DiPP has cutting edge equipment, software and products sponsored by manufacturing companies including GEA and NiTech and Solaris. In addition to giving students real world experience, the manufacturers benefit from having around 500 students per year exposed to their products and engineering philosophies. DiPP can also be used for training and upskilling employees of UK companies in modern engineering processes and tools. DiPP demonstrates that our engineers are part of the solution for the grand challenges our communities face in the world today.

  • Integration of physical and virtual process plants: Dynamic process simulations of each pilot plant are available in the control room. Students can undertake virtual experiments using the simulations as well as physical experiments on the pilot plant.
  • Vertical integration of learning: During their first and second years, undergraduate students will use the pilot plant and data collected from the pilot to support learning in core curriculum such as chemical process principles and heat and mass transfer. DiPP provides a rich source of data and inspiration for both simple calculation exercises and open ended team projects.
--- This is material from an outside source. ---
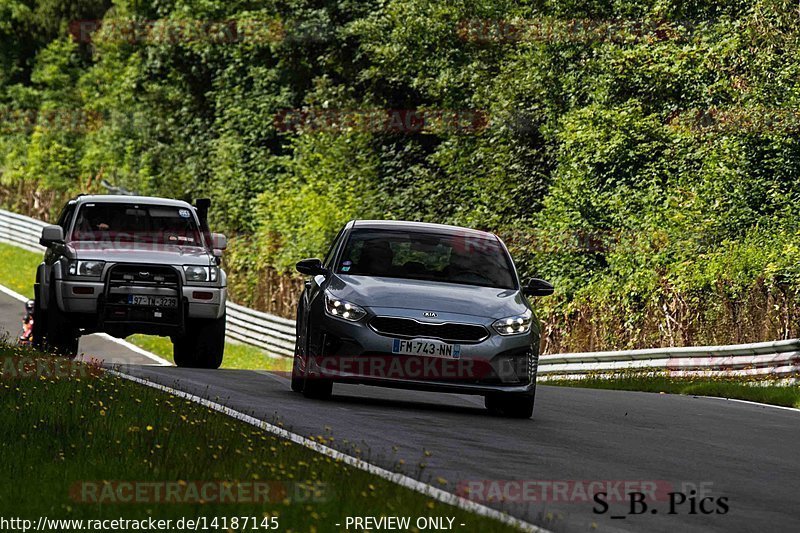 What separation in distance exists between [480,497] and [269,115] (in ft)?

Further into their degree, students will revisit the pilot plant for a more detailed hands on experience, both to support specialists courses and as part of MEng and MSc research and design projects.
  • Modern student learning: As part of the world class Diamond Teaching and Learning Facility, DiPP provides a special environment to support modern student centered active, experimental learning skills and important engineering attributes including safety, leadership, communication, synthesis and innovation.
  • Chemical Product Engineering: Traditionally chemical engineers are process engineers. 21st century chemical engineers need to be both product and process engineers who develop new products, as well as design the process that manufacture them. DiPP is a unique learning environment for product as well as process engineering, where students learn to develop, characterise and reverse engineer new products for high value manufacturing, biotechnology, and clean fuels.

Watch DiPP in action

Take a tour of DiPP with our students.  

Continuous Powder Processing Plant

The Diamond Pilot Plant
Diamond Pilot Plant

The first of its scale in any UK university, the Continuous Powder Processing Plant provides platform to unite and integrate expertise in the area of pharmaceutical solids manufacturing and address the challenges in the field.

High value formulated products are worth £180 billion per year to the UK economy and cover a range of industry sectors including pharmaceuticals, consumer products, speciality chemicals, agricultural chemicals and food products.
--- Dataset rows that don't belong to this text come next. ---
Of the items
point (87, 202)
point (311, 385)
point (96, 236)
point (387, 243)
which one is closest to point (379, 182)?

In recent times, the global pharmaceutical industry has increasingly implemented integration of continuous manufacture of solid dosage forms due to the better quality consistence and reduces development costs.
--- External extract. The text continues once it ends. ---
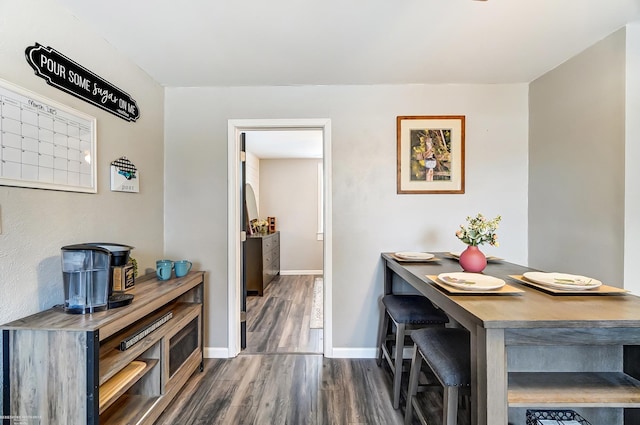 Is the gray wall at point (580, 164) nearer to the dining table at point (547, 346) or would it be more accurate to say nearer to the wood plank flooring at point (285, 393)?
the dining table at point (547, 346)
Students using this facility are immersed in the culture of product engineering using high class characterisation equipment to measure both the properties of the formulations and the attributes of product tablets they produce.
The facility includes powder process steps for formulated product manufacture such as crystallisation, blending granulation and tableting.

Students use the plant to test design model for individual unit operations and use the integrated manufacturing process for open ended research/ design projects suitable for master’s students.

The faculty is also available for training and continuing education for employees in industry sectors that manufacture formulated products.

Biotechnology Pilot Plant

Solaris bioreactor

The UK has the 4th largest Biotech pipeline in the world and the largest in Europe. Biotechnology has the potential to address some of the world’s greatest challenges, such as offering alternatives to dwindling natural resources (e.g. fossil fuel), feeding a growing global population and transforming the way we live.

Economic benefit derived from embracing these challenges with biological solutions (i.e. the bioeconomy) is estimated to be worth at least £17 trillion in the EU, with an employment or around 22 million people.

Our pilot plant houses state-of-the-art fermenters for cultivation of various microorganism’s types, novel bioreactors and advanced downstream processing instrumentation for product recovery, purification and formulation. It will be the core of practical training for undergraduate and postgraduate education in biological engineering, guided by our world leading research into industrial biomanufacturing and bioenergy.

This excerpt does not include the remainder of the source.